■ Task item:
There is material below. Print exactly the lines starting at the line with "Soyut geometrik şekiller" and ending at the line with "美品！10.1インチHDMI出力対応車載ディスプレイ", ends included, and no others.

****************

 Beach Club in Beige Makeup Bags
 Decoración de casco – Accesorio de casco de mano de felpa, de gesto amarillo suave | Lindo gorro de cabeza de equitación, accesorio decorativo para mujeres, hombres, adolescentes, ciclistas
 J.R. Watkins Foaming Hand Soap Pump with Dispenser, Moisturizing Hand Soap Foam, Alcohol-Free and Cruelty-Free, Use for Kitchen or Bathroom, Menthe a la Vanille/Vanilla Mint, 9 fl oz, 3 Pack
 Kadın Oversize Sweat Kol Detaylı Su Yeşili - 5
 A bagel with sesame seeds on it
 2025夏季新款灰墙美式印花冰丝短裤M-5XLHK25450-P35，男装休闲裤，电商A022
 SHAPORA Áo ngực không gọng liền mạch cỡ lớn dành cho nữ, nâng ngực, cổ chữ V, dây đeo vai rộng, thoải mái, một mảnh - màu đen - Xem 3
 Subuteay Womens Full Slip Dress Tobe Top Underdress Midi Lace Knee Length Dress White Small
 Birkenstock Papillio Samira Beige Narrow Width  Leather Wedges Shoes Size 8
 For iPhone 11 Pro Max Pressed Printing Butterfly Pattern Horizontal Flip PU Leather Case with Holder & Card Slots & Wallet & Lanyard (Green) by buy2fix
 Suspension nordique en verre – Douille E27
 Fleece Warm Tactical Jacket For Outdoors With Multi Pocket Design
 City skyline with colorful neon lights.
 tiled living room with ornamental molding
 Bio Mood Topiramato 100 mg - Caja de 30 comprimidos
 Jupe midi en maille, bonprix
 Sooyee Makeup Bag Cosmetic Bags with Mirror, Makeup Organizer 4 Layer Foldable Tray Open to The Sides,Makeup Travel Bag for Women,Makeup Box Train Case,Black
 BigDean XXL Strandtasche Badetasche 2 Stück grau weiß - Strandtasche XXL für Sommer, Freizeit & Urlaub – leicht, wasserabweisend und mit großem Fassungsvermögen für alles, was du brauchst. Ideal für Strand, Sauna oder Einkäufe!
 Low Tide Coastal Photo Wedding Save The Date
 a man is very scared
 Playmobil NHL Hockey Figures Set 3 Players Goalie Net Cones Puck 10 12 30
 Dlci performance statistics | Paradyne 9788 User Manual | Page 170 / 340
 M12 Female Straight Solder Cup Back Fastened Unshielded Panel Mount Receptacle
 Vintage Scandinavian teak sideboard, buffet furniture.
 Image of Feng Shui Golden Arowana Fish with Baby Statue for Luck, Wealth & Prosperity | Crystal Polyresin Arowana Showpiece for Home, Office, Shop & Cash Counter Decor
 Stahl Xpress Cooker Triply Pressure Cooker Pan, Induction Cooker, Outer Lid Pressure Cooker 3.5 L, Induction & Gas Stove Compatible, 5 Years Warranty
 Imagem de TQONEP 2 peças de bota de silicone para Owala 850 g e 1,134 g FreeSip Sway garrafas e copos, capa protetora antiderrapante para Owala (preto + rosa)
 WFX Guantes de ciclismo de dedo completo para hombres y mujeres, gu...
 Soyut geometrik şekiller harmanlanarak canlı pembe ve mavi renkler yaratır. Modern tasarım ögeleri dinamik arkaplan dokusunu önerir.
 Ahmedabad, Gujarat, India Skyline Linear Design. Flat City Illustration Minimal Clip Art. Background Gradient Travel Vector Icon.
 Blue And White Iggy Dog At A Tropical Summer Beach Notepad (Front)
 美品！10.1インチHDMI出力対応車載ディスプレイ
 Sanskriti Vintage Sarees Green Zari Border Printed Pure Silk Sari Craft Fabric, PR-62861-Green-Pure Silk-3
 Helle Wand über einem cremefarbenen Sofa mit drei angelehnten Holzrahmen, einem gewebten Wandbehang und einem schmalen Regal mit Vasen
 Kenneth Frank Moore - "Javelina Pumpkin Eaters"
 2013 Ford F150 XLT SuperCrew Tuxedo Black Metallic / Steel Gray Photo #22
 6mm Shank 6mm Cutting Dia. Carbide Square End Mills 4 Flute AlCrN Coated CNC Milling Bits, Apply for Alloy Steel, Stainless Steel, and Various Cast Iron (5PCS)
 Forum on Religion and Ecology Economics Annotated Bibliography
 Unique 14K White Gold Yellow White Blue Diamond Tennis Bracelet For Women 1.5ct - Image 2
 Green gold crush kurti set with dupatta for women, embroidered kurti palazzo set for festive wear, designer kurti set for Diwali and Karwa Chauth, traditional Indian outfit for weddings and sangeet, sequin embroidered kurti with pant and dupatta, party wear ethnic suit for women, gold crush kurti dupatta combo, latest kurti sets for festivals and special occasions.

****************

■ Response:
 Soyut geometrik şekiller harmanlanarak canlı pembe ve mavi renkler yaratır. Modern tasarım ögeleri dinamik arkaplan dokusunu önerir.
 Ahmedabad, Gujarat, India Skyline Linear Design. Flat City Illustration Minimal Clip Art. Background Gradient Travel Vector Icon.
 Blue And White Iggy Dog At A Tropical Summer Beach Notepad (Front)
 美品！10.1インチHDMI出力対応車載ディスプレイ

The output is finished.